Yazarlar

Vedat Bilgin tüm yazıları

İstanbul Belediyesi seçiminden sonra Ana Muhalefet partisinin ümitlenmesi kendisi açısından anlamlıdır çünkü sürekli kaybetmenin sebep olduğu manevi tahribat, sadece siyasetten ümit kesilmesine değil, demokrasiden de umut keserek başka beklentilerin oluşmasına yol açabilirdi. Bu bakımdan, Mahalli İdareler Seçimlerinde aldığı oy oranının hala % 30’un üzerine çıkamamasına rağmen CHP’nin üç büyük şehrin belediyelerini kazanmasıyla, bilhassa yenilenen İstanbul seçiminden sonra psikolojisindeki değişmenin kendileri açısından faydalı olduğu açıktır.  

Türk siyasal hayatında, ‘halktan uzaklaştığı için seçim kaybeden, seçim kaybettikçe demokrasiden uzaklaşma eğilimi artan’ bu partinin demokrasiden ümit kesmemesini başlı başına önemli bulurum fakat ant-demokratik geleneğin tortuları üzerinde oturan bu parti için yine de problemli bir durum söz konusudur. Bu süreci, ülkenin demokratikleşmesine karşı yeni arayışlara yönelmek için bir fırsat olarak değerlendirmeye kalkma eğilimi kısa sürede hemen kendisini göstermiş, açıkça eski sisteme dönme yönünde bir tavır ortaya çıkmıştır. 

YENİYİ KABUL ETMEK 

Zaman zaman ‘bu sistemde revizyona ihtiyaç var’ demek veya açık açık ‘eski sisteme dönmek için’ CHP tarafından yapılan ‘referandum’ çağrısı eski kurulu düzenin devam etmesini istemekten bütün demokratik kazanımlardan, vazgeçme çağrısından başka bir şey değildir. Burada anlaşılmayan konu, eski kurulu siyasal düzenle onun dayandığı kadrolarla toplumsal gelişme arasında ortaya çıkan çelişkilerin bütünüyle Türkiye’nin demokratikleşme dinamiği ile aşılmış olmasıdır.  

Ülkenin demokratikleşmesini talep eden yeni toplumsal güçlerle eski tutucu anti-demokratik yapı arasındaki çatışmanın meydana getirdiği siyasal bir dönüşüm söz konusudur. Bir başka anlatımla ülkenin demokratikleşme süreci, toplumsal değişimin meydana getirdiği siyasal devrimin sonucudur. 

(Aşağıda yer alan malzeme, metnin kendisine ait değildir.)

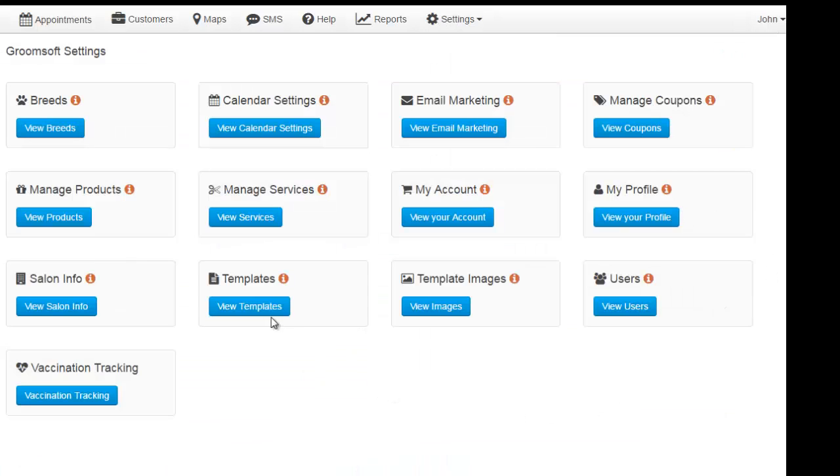There are two menu options you will use to create your templates. They are templates and template images.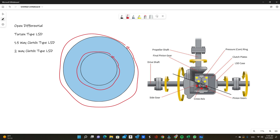You'll see this in a lot of people who weld their differentials — a common term in drifting. Instead of buying a two-way clutch type LSD, they take their open diff and weld it so both wheels spin at the same rate at all speeds. This works if you're drifting at full speed at all times, but if you're street driving or pulling in and out of parking lots, your inner tire is going to be squealing constantly for simple maneuvers.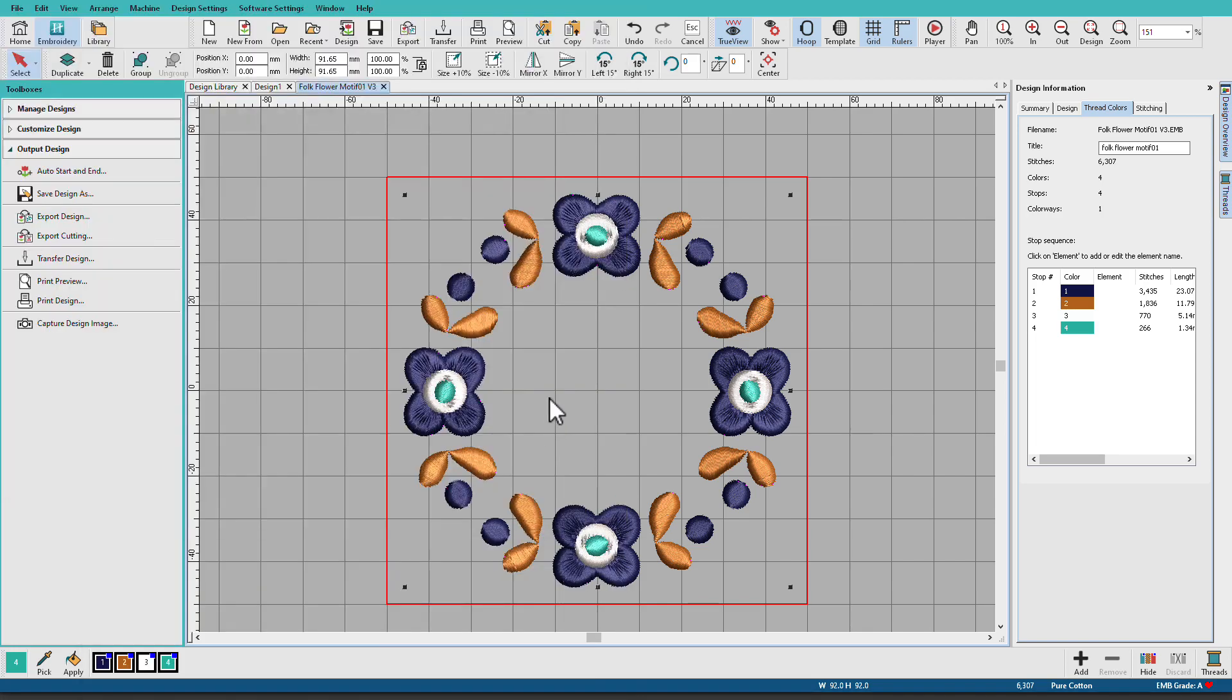Hatch can be quickly and easily configured to work with your machine and your hoop sizes. Hatch Organizer is a powerful tool to add to your machine embroidery toolkit.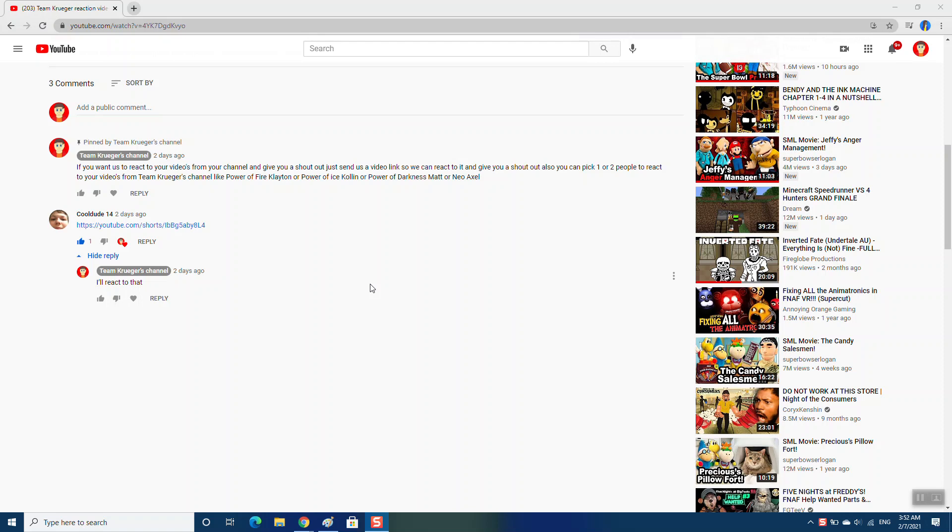Hey guys, Collin here from our channel called Team Grieger. And today we're going to start Team Grieger's reaction video, Episode 118.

Eski düzenin bütün kurumları ve dayandığı toplumsal güçler, Türkiye’nin modernleşmesi hız kazandıkça tarih olmuş, yeni toplumsal güçler bu eski siyasal rejimi tasfiye ederek ilerlemeye devam etmiştir. Unutulmamalıdır ki eski siyasal düzenin arkasında 27 Mayısın anayasal dünya görüşü onun devleti topluma rağmen, kendi iktidar alanı olarak denetim altında tutan ideolojik dünya görüşü vardır. 

YENİYİ KURMAK 

Elbette sistem değişimi kolay bir şey değildir, eski siyasal alışkanlıklar, iki yüz yıllık bürokratik tahakküm geleneğinin bütün kurumsal yapılarını bir yıl gibi kısa sürede ortadan kaldırmak, söküp atmak kolay olmadığı gibi, anayasal ve yasal çerçevesini de bütünüyle değiştirip yenilerini inşa etmek kısa zamana sığdırılacak işler değildir. Fakat bu konuda atılan adımları köklü reformlarla devam ettirdikçe, yeni sistem kurumsal mekanizmalarıyla işlerlik kazanacak değişim bütün boyutlarıyla gerçekleşecektir. 

Bugün ‘sistem işlemiyor’ diyerek, revizyon isteyenlerin bilmesi gereken şey ‘yeni sistemin henüz inşa edilmekte olduğudur’, geçiş sürecinin sorunlarını eskiye dönmek için bir fırsat sanmak, tarihi geriye çevirme arzusu boş bir ümittir.